**Task data:**
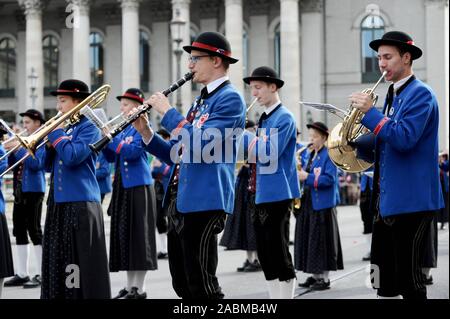 La chapelle des garçons à Dachau le costume traditionnel et le cortège de tireurs au début de l'Oktoberfest de Munich. [Traduction automatique] Banque D'Images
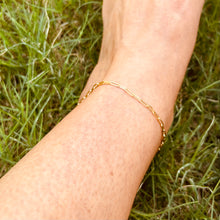 Load image into Gallery viewer, ANKLET MANON - Chain PaperClip Links Anklet 18K Gold

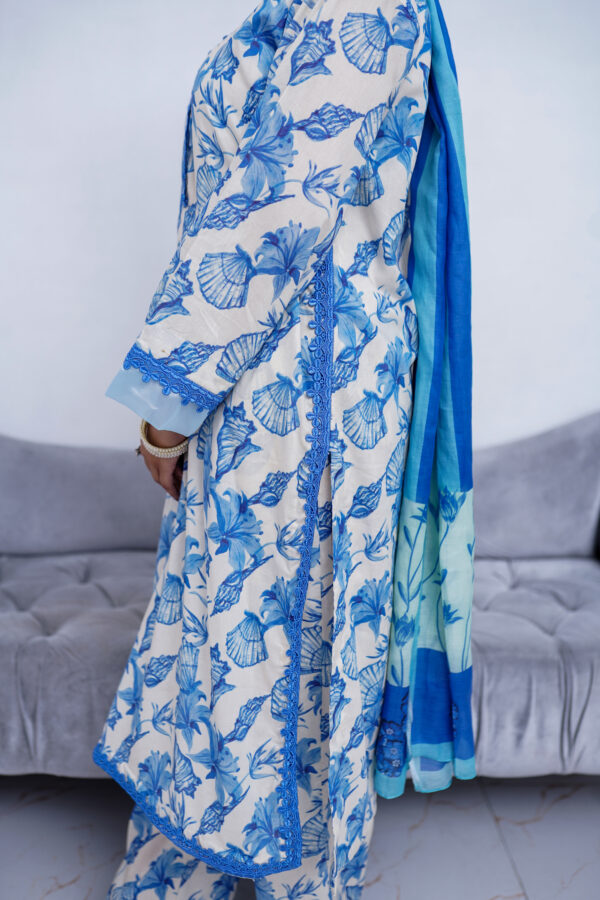 3 PIECE LAWN BLUE FLORAL PRINT ON A WHITE BASE WITH THREAD COLOR - Image 3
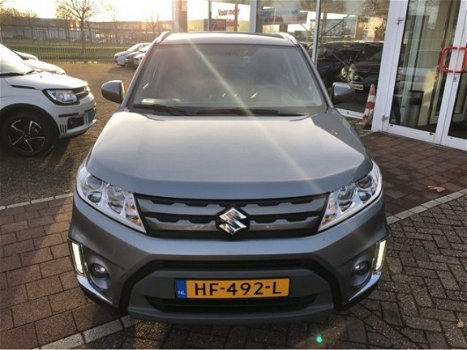 Suzuki Vitara - 1.6 Exclusive Navigatie, trekhaak, armsteun, achterspoiler, stootlijsten, 1e eigenaa - 1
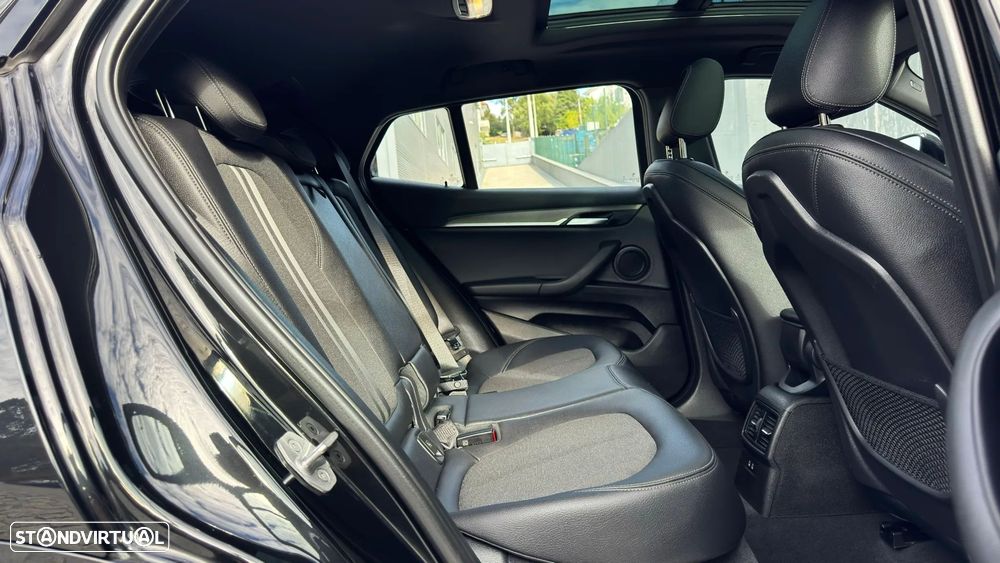 BMW X2 25 e xDrive Pack M - 40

**Exercise prompt:**
Would you please transcribe the listing in full, exactly, while omitting the images?

**Solution to the problem:**
 La chapelle des garçons à Dachau le costume traditionnel et le cortège de tireurs au début de l'Oktoberfest de Munich. [Traduction automatique] Banque D'Images
 Load image into Gallery viewer, ANKLET MANON - Chain PaperClip Links Anklet 18K Gold

 3 PIECE LAWN BLUE FLORAL PRINT ON A WHITE BASE WITH THREAD COLOR - Image 3
 Suzuki Vitara - 1.6 Exclusive Navigatie, trekhaak, armsteun, achterspoiler, stootlijsten, 1e eigenaa - 1
 BMW X2 25 e xDrive Pack M - 40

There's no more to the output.